ドナルド・トランプ米国大統領は21日(現地時間)、スイス・ダボスで開かれた世界経済フォーラム(WEF・ダボス会議)で、グリーンランドは資源価値よりも国際安全保障の観点から戦略的に重要だと強調した。
トランプ大統領はフォーラムの特別演説で「グリーンランドはほとんど開発されておらず人が住んでいない土地だが、ロシアと中国の間に重要な戦略的な位置にある」とし、「ほかの目的には重要ではない」と明らかにした。
続けて「グリーンランドに埋もれている希土類はもはや重要ではない。それを製錬することが重要だ」と述べ、「米国はグリーンランドを希土類のためではなく国際安全保障のために重要視している」と言及した。
さらに「その島は国家安全保障のための中核地域であり、米国大統領たちはグリーンランドを購入するために約2世紀にわたり努力してきた。第2次世界大戦以降、米国はグリーンランドを保有しているべきだった」とし、「デンマークは2019年に2億ドルを費やしてグリーンランドを防衛すると言ったが、1%も使わなかった」と批判した。
トランプ大統領はデンマークがグリーンランドを守ることはできないとも言及した。トランプ大統領は、グリーンランドと欧州を同時に守れる国は米国しかないとして、グリーンランド獲得に向け協議に臨んでいる理由を説明した。特に、米国によるグリーンランド購入は北大西洋条約機構(ナトー・NATO)への脅威ではなく、同盟を強化する方向だと補足した。

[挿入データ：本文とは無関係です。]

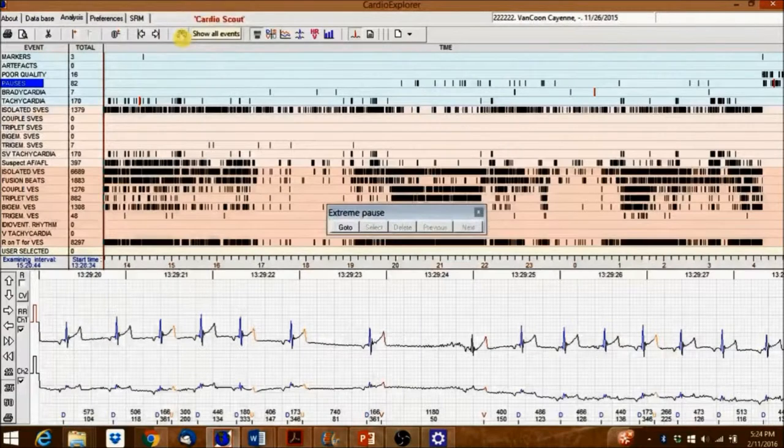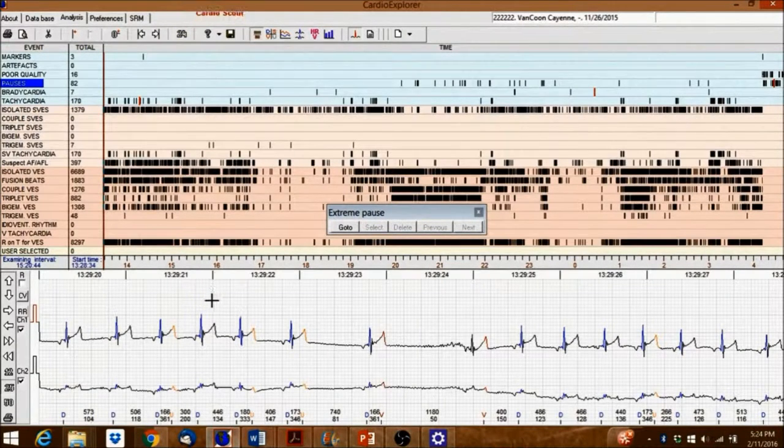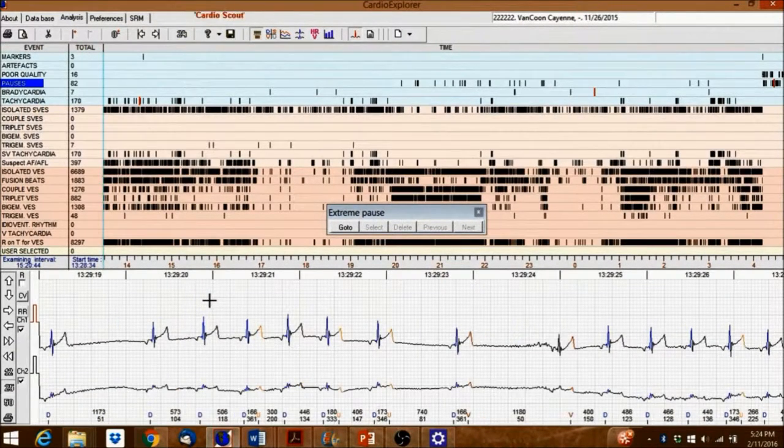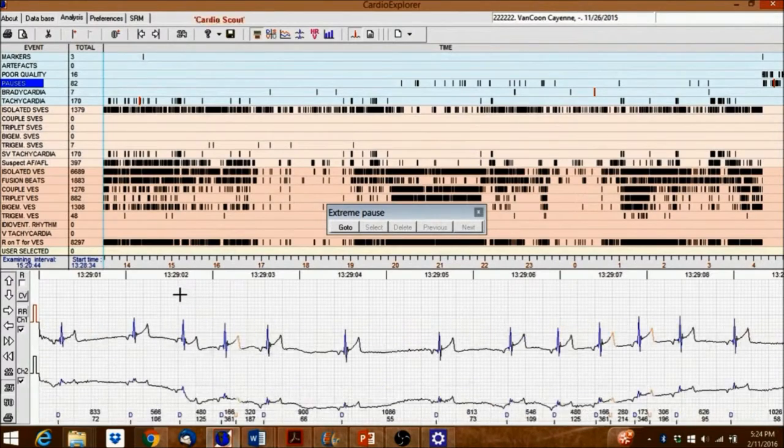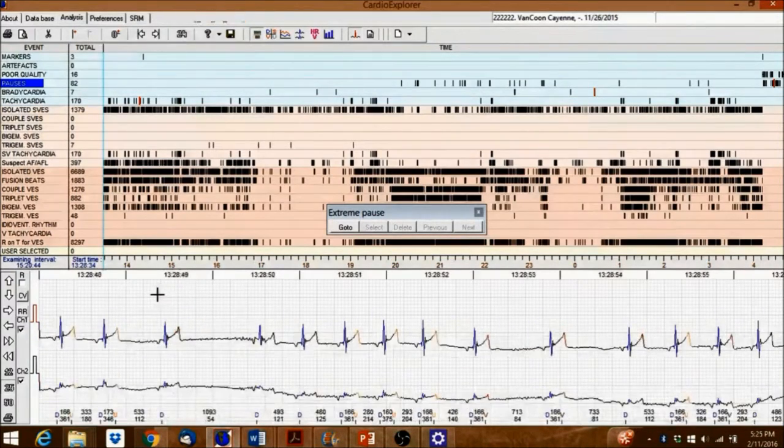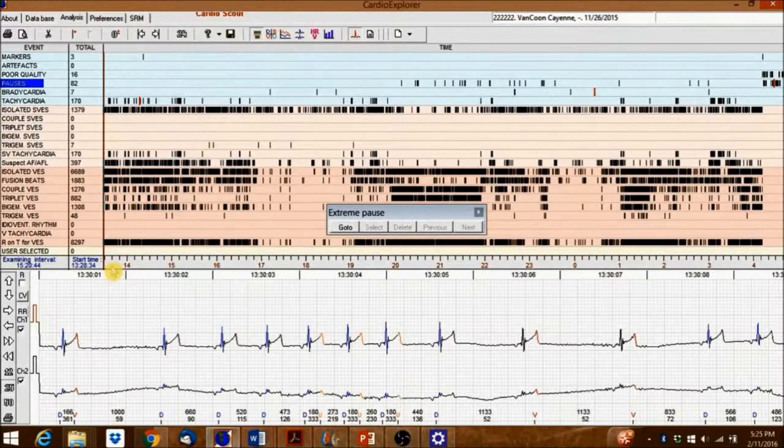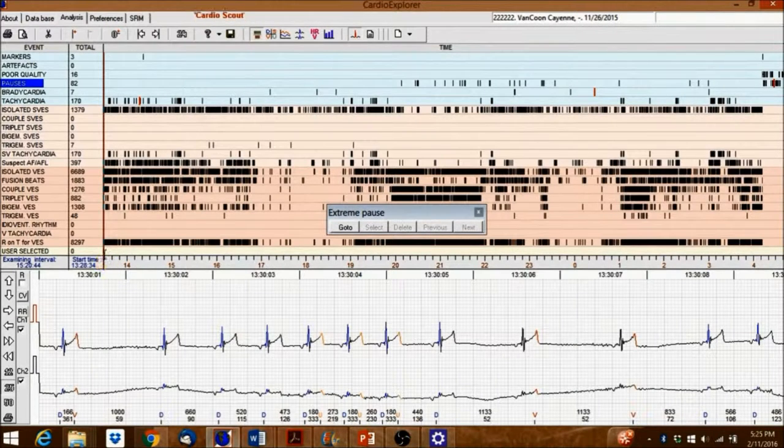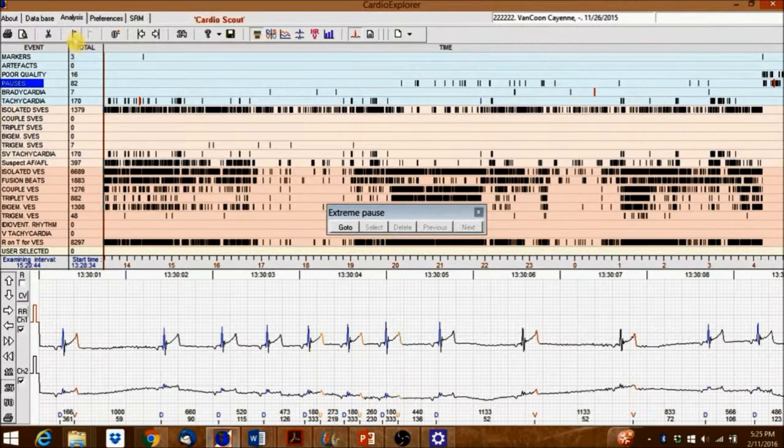Right-clicking and dragging here will allow you to move quickly through the recording. Click on the Add Marker icon at the top to add a timestamp marker.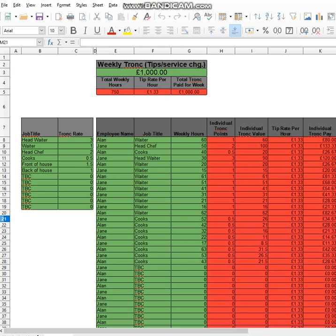The next column you can see there is the trunk rate. So put in your trunk rate for each particular role. Next, go along to column E and then you can add in all the names.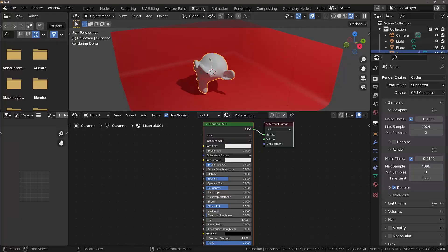Different materials have different levels of IOR. IOR is short for index of refraction and is used to determine how light passes through an object.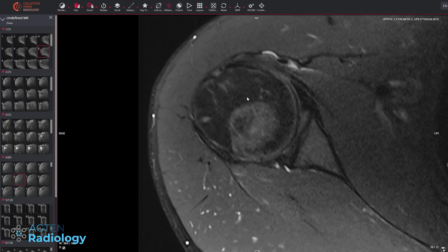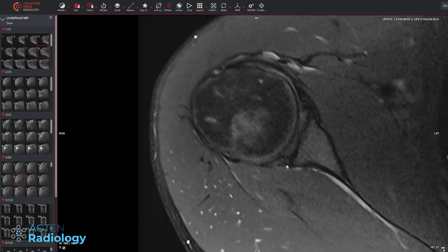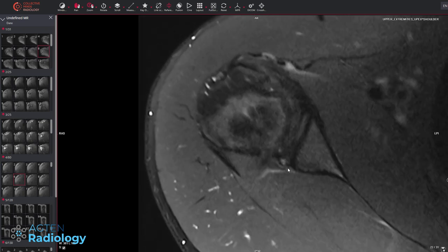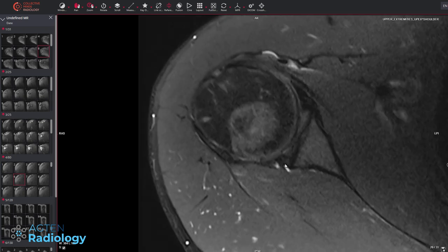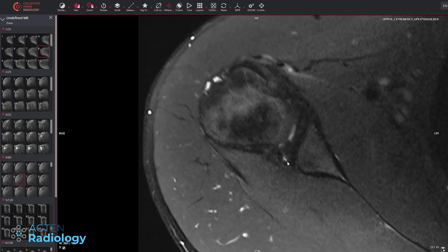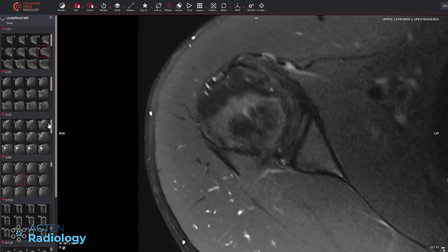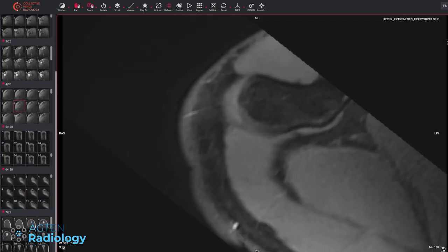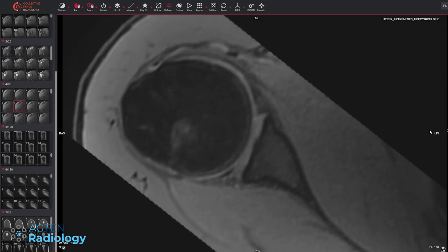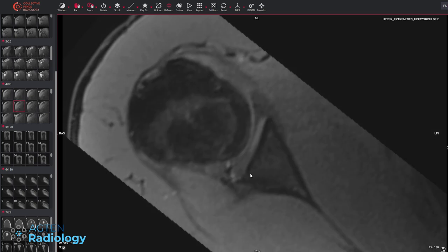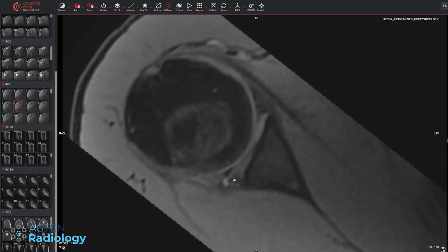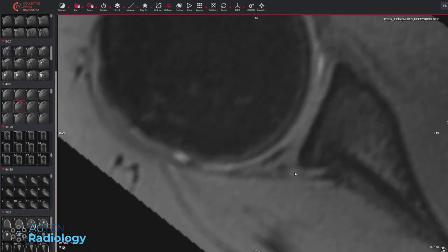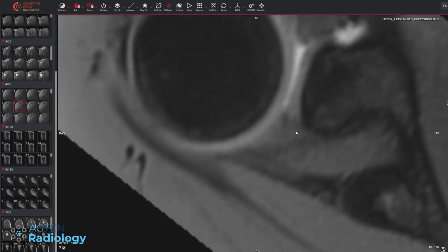Looking at the joint, the humeral head is not significantly posteriorly decentered, but the posterior labrum is abnormal. We have high signal and maybe tiny ganglion cysts coming out at the posterior-inferior region — we've got a labral tear. On the 3D sequence you can nicely see the long head of the biceps tendon going down, and the abnormalities in the labrum — a clear labral tear with a tiny ganglion cyst, a second cyst, and some other small cysts. So we have an extensive posterior labral tear.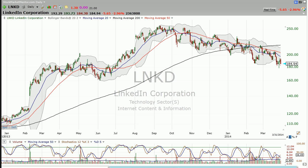So you don't want to be shorting stocks on their way down. You want to short downtrending stocks after they've come up and then rolled over.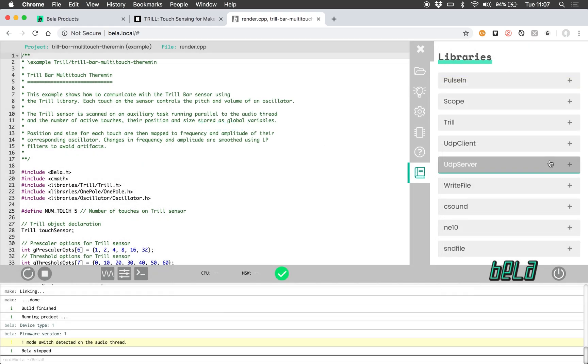At the moment this collection of libraries is curated by the Bella team but in the near future we're going to have user contributed libraries integrated into the IDE.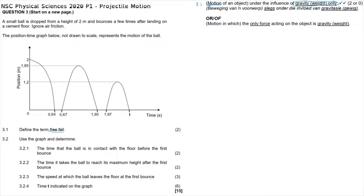Question 3.2.1 asks us to use the graph to determine the time that the ball is in contact with the floor for the first bounce. We can see the ball is dropped from 2 meters, accelerates downwards, and strikes the ground at time t = 0.64 seconds. From 0.64 to 0.67 seconds the position does not change, meaning the ball is in contact with the ground. So the contact time is 0.67 minus 0.64, which equals 0.03 seconds.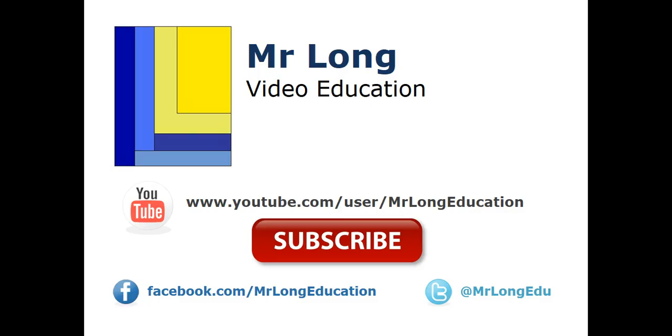For the rest of the videos for this exam paper, as well as other videos that can help you with Delphi, especially if you study IT in South Africa, please go to our YouTube channel, subscribe, like us on Facebook, follow us on Twitter, and we'll keep you up to date whenever we post new videos. And remember, don't do it the long way. Do it the Mr. Long way.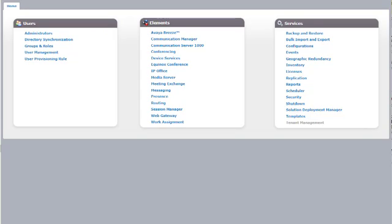Now we have chain certificates created for System Manager, Session Manager, and the GeoRedundant System Manager. We are not going to change the Identity Certificate of the Primary System Manager first. We need to install the certificate for GeoSystem Manager first, then Session Manager, then the Primary System Manager. Because if you change the certificate on the Primary System Manager first, all the entities — Session Manager and GeoSystem Manager — will break their connection. Hence we start with the lowest order: first GeoSystem Manager, then Session Manager, then the Primary System Manager.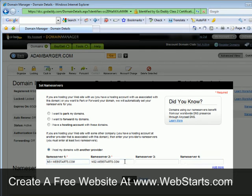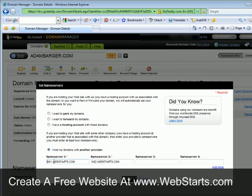With webstarts you need only update nameserver 1 and nameserver 2 with ns1.webstarts.com and ns2.webstarts.com. Once you've made these changes click OK and they'll be applied in a few minutes. Your website should start resolving a short time later.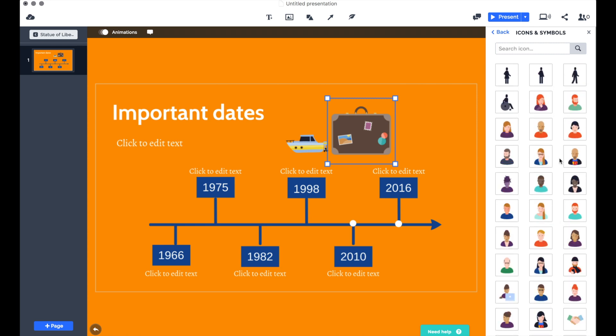speak to them about getting your own branded icons that you can use inside Prezi and inside PowerPoint as well. It's always very useful to have icons that you can use to tell a much better visual story, rather than just relying on bullet points and text all of the time.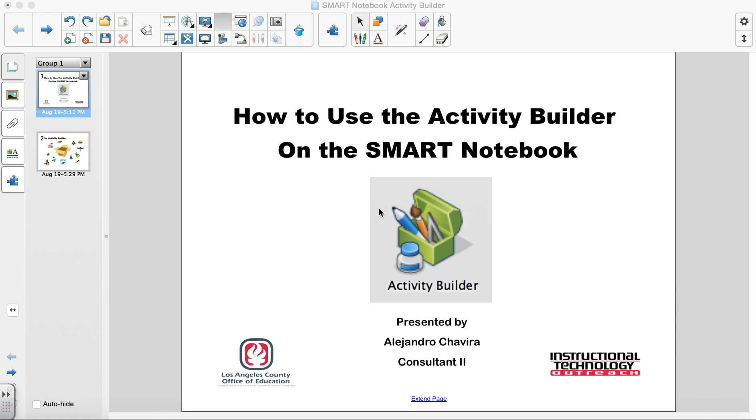Hello! My name is Alejandro Chavira from Los Angeles County Office of Education Instructional Technology Outreach. Welcome to How to Use the Activity Builder on the Smart Notebook software.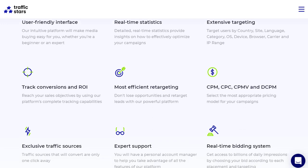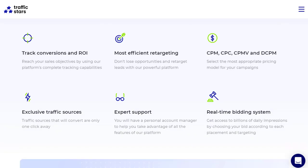TrafficStars offers CPM, CPC, and other pricing models so you can save money by not spending uselessly. The expert support team is available to answer any questions. Explore the website thoroughly to understand all options available.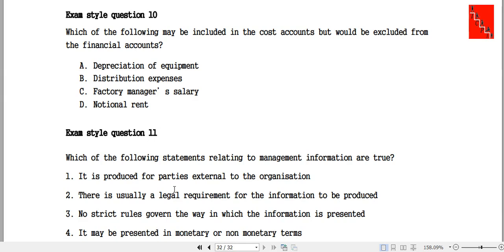Distribution expense or selling distribution — the financial accounts are not the same. Factory manager salary: wages and salary are not a financial account in this context.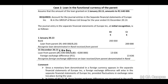Case two: loan in the functional currency of the parent. The loan granted on 1 January 2013 amounts to 1,640,000 Rand. We are required to account for journal entries in the separate financial statements of Europe Inc and in the Bravo Limited group for the year ended 31 December 2013. In Europe Inc's separate financials, we need to translate the Rand amount to Euro — dividing by 8.20 — and credit the loan from the parent at 200,000 Euro.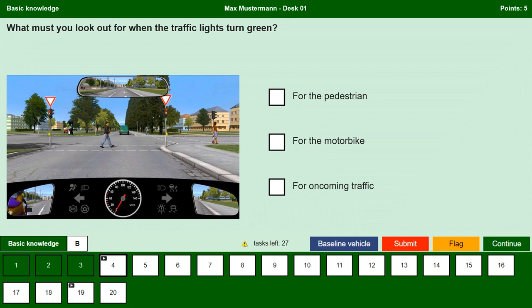What must you look out for when the traffic lights turn green? For the pedestrian — yes, we have to watch out for the pedestrian and we are not allowed to drive until the pedestrian has completely crossed the street. For the motorbike — yes, we have a motorbike to the left; he may speed up when the traffic light turns green, so we have to be prepared and let him drive through. For the oncoming traffic — no, there is no oncoming traffic in this situation.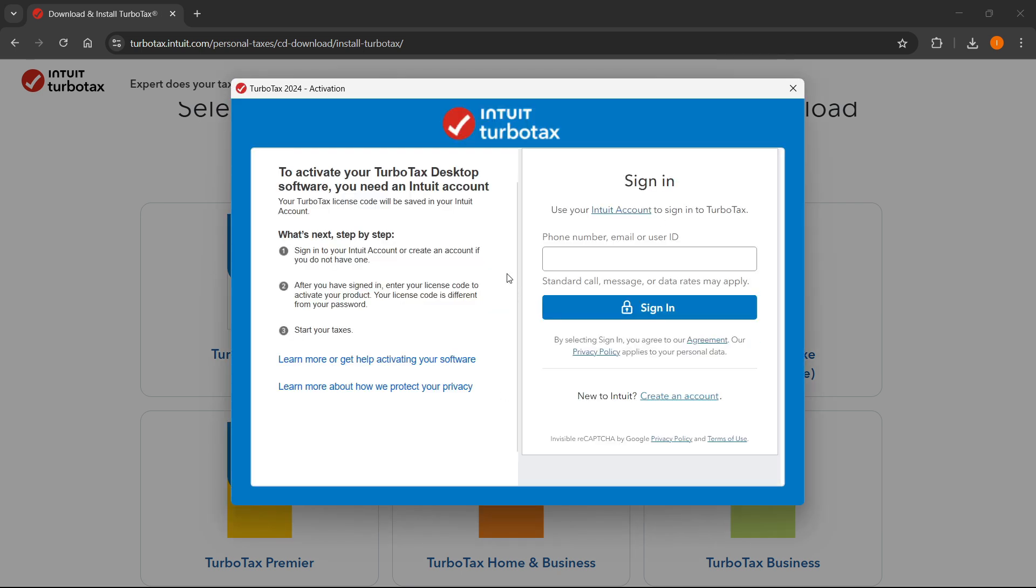There we go. And over here, it says to activate your TurboTax desktop software, you need an Intuit account. And from here, of course, you will see it says what's next step by step. First, you will have to sign into your Intuit account.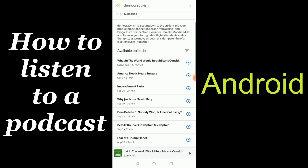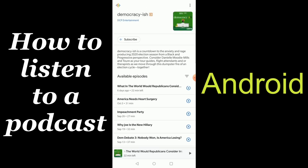Now, if you like the podcast, make sure to scroll back up and select subscribe. This will now allow you to get an alert every time a new episode is posted.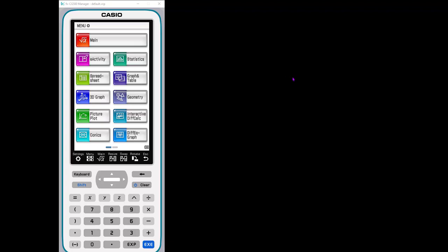Hi there. So today I'm going to explore the geometry app in the Casio FX CG 500 graphing calculator.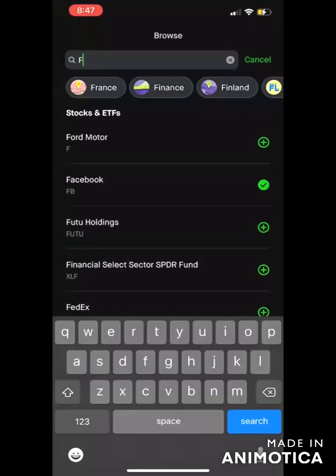Hey, what's up? I wanted to do a quick video on how to buy and sell an options contract using Robinhood's mobile app. Just a quick tutorial — I get this question a lot, so it's going to be super quick.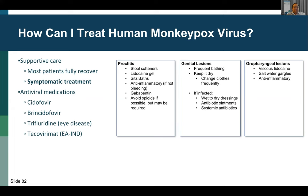Supportive care for proctitis includes stool softeners to decrease pain, topical agents like sitz baths and lidocaine gels, over-the-counter pain relievers like NSAIDs or Tylenol, and prescription analgesics like gabapentin or opioids. Be careful with local immunosuppressives that could worsen disease, like topical steroids, and be cautious with opioids due to risk of opioid-induced constipation. For genital lesions, keeping them clean is paramount — frequent bathing and changing of clothing to prevent infection. For pharyngeal disease, topical agents like viscous lidocaine and saltwater gargles, as well as over-the-counter and prescription pain relief.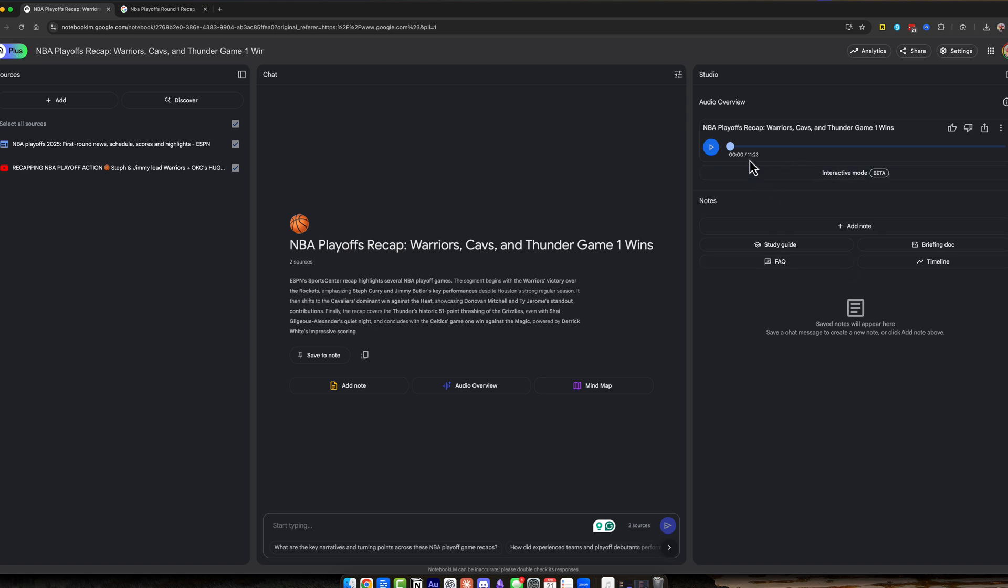But as you can see, it's an 11 minute and 23 second podcast audio episode, where if I play it back, right, let's dive right in. The 2025 NBA playoffs are officially underway. The energy is palpable. And wow, these opening games have given us a lot to talk about already. Absolutely. First rounds kicked off and it feels like we're already.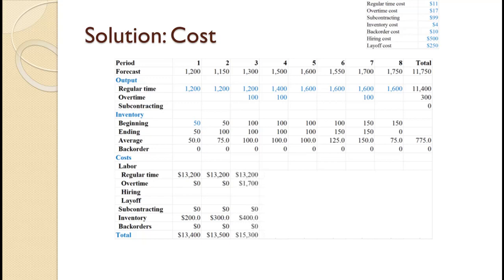In period three, we again produce 1200 in regular time at $13,200. We also produce 100 in overtime at $17 each for a total overtime cost of $1,700. Average inventory of 100 times $4 equals $400, yielding a total period cost of $15,300. For period four, regular production goes up to 1400 and 1400 times $11 equals $15,400. Overtime production remains at 100, so cost remains at $1,700. We hire one person at a cost of $500. Average inventory remains at 100, so inventory cost remains $400, yielding a total period cost of $18,000.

トランプ大統領は「私が関与しなかったらナトーはなくなっていた」とし、「ウクライナ戦争がこれを証明している」と語った。続けて「本来は起きてはならなかった戦争だ」とし、「2020年の不正選挙でなければ起きなかったことだ」と付け加えた。
トランプ大統領は「こうした理由で米国はグリーンランドを保有したい。米国は第2次世界大戦後にグリーンランドをデンマークに返し、いま取り戻そうとしている」とし、「単に賃借し資格だけを持っている土地を誰が防衛したいと思うのか」と反問した。さらに「米国の危険な潜在的な敵を縛り付けるためにゴールデン・ドーム(golden dome・トランプが提案した最先端の多層ミサイル防衛網)をそこに建設する」と付け加えた。
ただし、トランプ大統領は「人々は私が(グリーンランドを得るために)武力を行使すると思ったが、その必要はない。私は武力行使を望まず、行使しない」と釘を刺した。
あわせて「グリーンランドは事実上氷の塊であり、米国はそれを受け取ろうとしている」とし、「その氷の塊は米国が提供できるものに比べれば極めて小さな代価だ」と言及した。